Evens transformou a própria dor da adaptação em combustível. Em agosto de 2022, movido pela urgência de quem sente na pele o que é ser estrangeiro, ele e os amigos fundaram a Organização Solidária pela Integração e Desenvolvimento dos Imigrantes no Brasil (Osidi-BR). O objetivo é claro: ser o ombro amigo e o suporte prático para quem acaba de chegar e se vê perdido em um novo ambiente.

Atualmente, a Osidi-BR se constrói em ações vitais. A organização oferece, por exemplo, transporte gratuito para quem precisa ir até a Polícia Federal, em Itajaí, para renovar documentos. Para quem é natural da cidade, pode parecer apenas uma viagem a um município vizinho, mas para um imigrante recém-chegado, sem domínio da língua e com o orçamento muitas vezes apertado, é a diferença entre a regularização e a invisibilidade. Evens ressalta que este é apenas o começo, porque a demanda é crescente e a luta por melhores condições é diária. “Precisamos de uma sede própria para acolher e orientar, além de recursos para apoiar os recém-chegados”, afirma.

Foi nesse cenário que, em 2025, o projeto “Usina de Valores” se uniu à associação. Financiada pelo Ministério dos Direitos Humanos, a iniciativa chegou para empoderar quem vem de fora. A proposta foi promover encontros sobre direitos humanos e cidadania, mas o resultado foi muito além da teoria: o projeto acendeu a chama da participação política em pessoas que, muitas vezes, se sentiam à margem das decisões.

Em uma sala onde o português se mistura ao crioulo, ao francês e ao espanhol, a compreensão se torna um ato de carinho. “Alguns falam apenas crioulo, francês ou espanhol. Contamos com professores da associação que auxiliam na tradução”, explica Larissa Mariá, da equipe de coordenação.

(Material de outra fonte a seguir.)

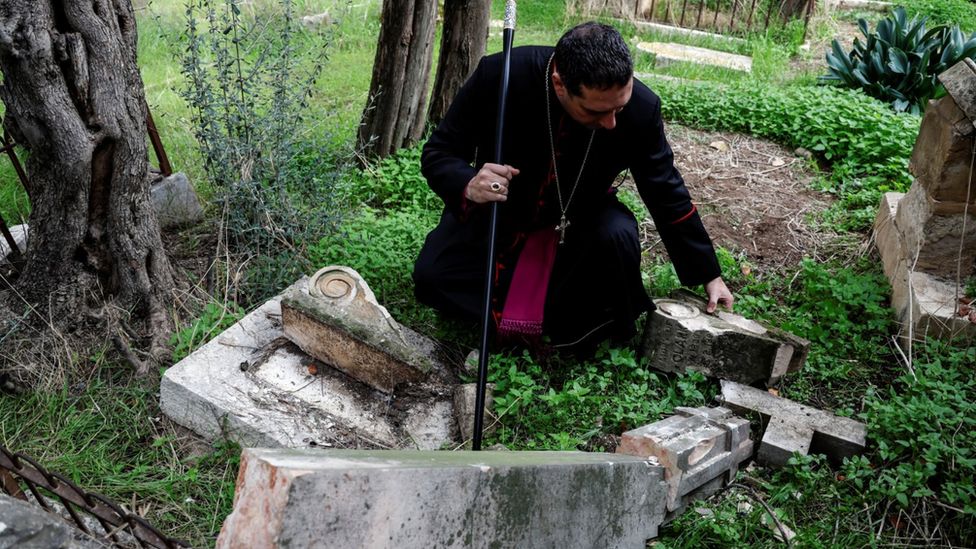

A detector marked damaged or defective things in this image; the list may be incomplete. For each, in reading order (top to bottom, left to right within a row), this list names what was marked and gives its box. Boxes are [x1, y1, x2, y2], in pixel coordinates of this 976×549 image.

broken tombstone [163, 276, 458, 452]
broken concrete chunk [280, 266, 452, 394]
broken tombstone [278, 266, 454, 394]
broken concrete chunk [214, 448, 672, 544]
broken tombstone [214, 448, 672, 544]
broken concrete chunk [452, 384, 496, 444]
broken concrete chunk [616, 402, 756, 512]
broken tombstone [616, 404, 756, 516]
broken tombstone [640, 288, 808, 388]
broken concrete chunk [640, 292, 808, 386]
broken concrete chunk [716, 382, 868, 466]
broken tombstone [716, 382, 868, 466]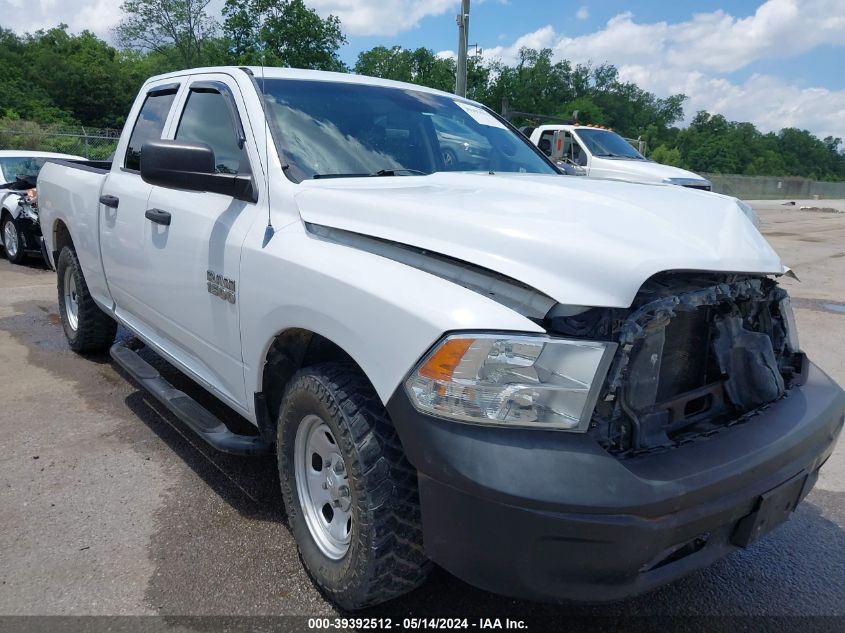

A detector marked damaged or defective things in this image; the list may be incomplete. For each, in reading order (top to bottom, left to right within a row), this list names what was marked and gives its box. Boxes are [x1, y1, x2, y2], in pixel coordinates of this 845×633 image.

Mas o acolhimento real não se faz apenas com palavras. Para criar um ambiente onde todos se sentissem, de fato, em casa, cada encontro encerrava com pratos típicos de diversas origens. O cheiro da comida caseira, o sabor da infância e a alegria de apresentar sua cultura ao outro transformaram as reuniões em celebrações.

No dia 7 de setembro de 2025, durante o Grito dos Excluídos, a comunidade imigrante não apenas assistiu, mas protagonizou. Eles foram às ruas. Homens e mulheres que cruzaram fronteiras em busca de dignidade marcharam para reivindicar pautas concretas, como o acesso à moradia popular. Ali, a teoria da “Usina de Valores” se tornou prática: entender que o espaço é de todos e que suas vozes merecem ser ouvidas.

“O que mais me marcou foi perceber a força de cada pessoa”, compartilha Evens, emocionado com a evolução do grupo. “Hoje, a associação não só acolhe, mas exerce cidadania. Orientamos sobre direitos, ajudamos no acesso a serviços essenciais e fortalecemos a voz da comunidade”, diz.

Mais do que uma organização, a Osidi-BR e o projeto Usina de Valores construíram uma família estendida. Eles provaram que, mesmo longe da terra natal, ninguém precisa enfrentar os desafios sozinho.